### TASK INPUTS

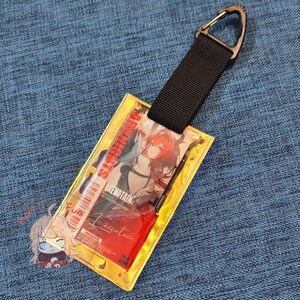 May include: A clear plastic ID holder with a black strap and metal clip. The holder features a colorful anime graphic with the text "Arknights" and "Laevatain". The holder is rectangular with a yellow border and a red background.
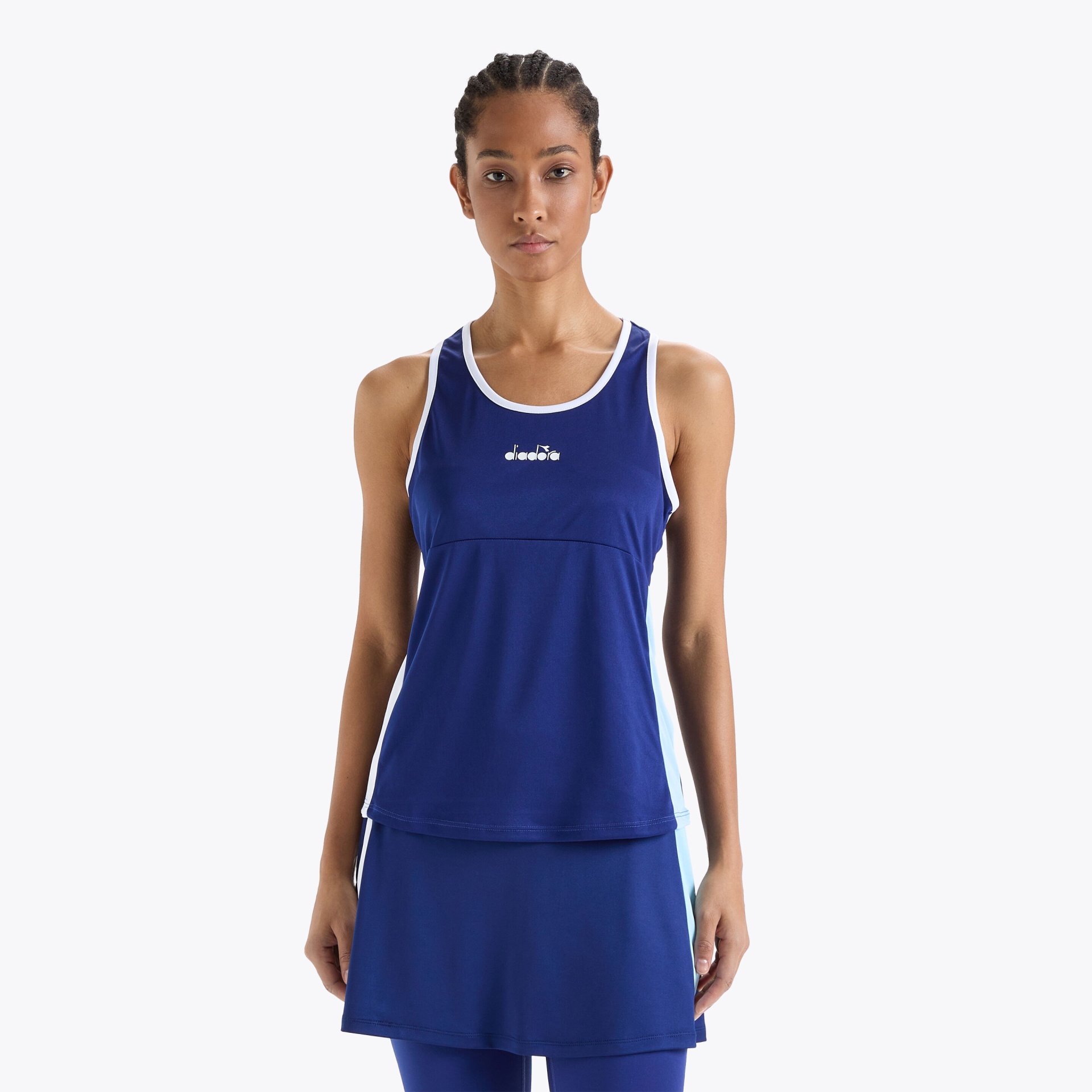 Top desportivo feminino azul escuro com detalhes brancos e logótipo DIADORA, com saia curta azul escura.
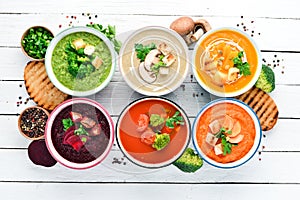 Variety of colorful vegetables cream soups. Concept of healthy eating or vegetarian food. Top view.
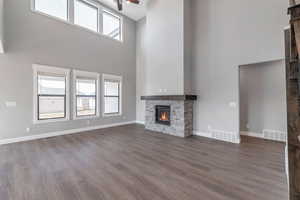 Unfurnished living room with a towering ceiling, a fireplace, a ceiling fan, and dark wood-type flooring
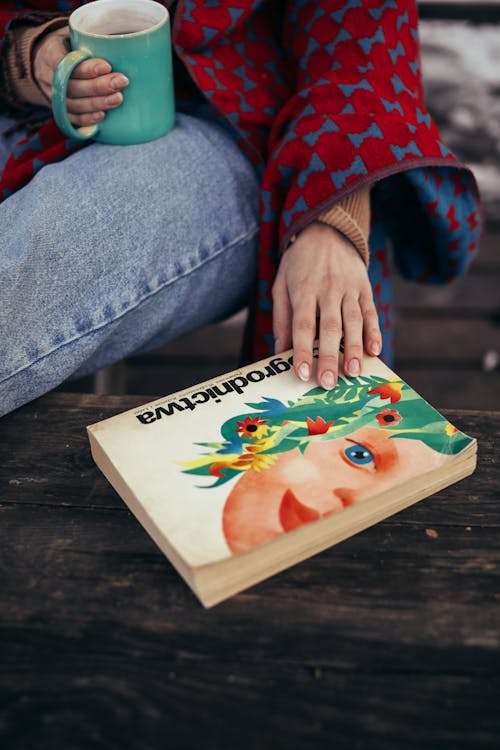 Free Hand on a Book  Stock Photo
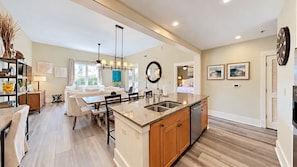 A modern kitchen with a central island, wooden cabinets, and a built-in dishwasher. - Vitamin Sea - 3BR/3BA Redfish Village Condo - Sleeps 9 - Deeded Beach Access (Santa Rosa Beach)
--
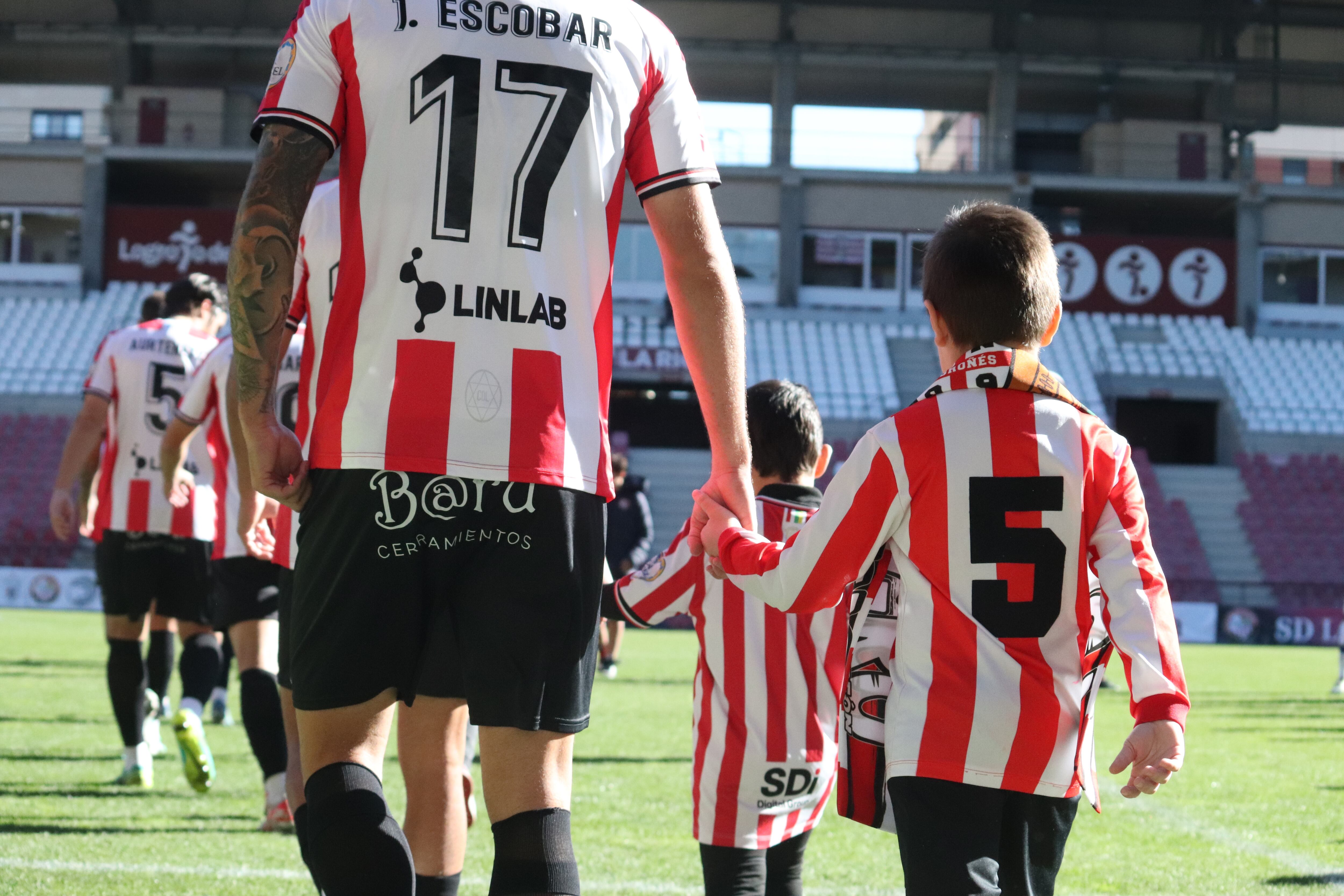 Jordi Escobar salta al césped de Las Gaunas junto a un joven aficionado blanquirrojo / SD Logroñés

### WORK INSTRUCTION
Copy word for word only the lines above from the one with "Free Hand on" through the one with "A modern kitchen". Leave pictures out.

### RESPONSE FOR THIS EXERCISE
 Free Hand on a Book  Stock Photo
 A modern kitchen with a central island, wooden cabinets, and a built-in dishwasher. - Vitamin Sea - 3BR/3BA Redfish Village Condo - Sleeps 9 - Deeded Beach Access (Santa Rosa Beach)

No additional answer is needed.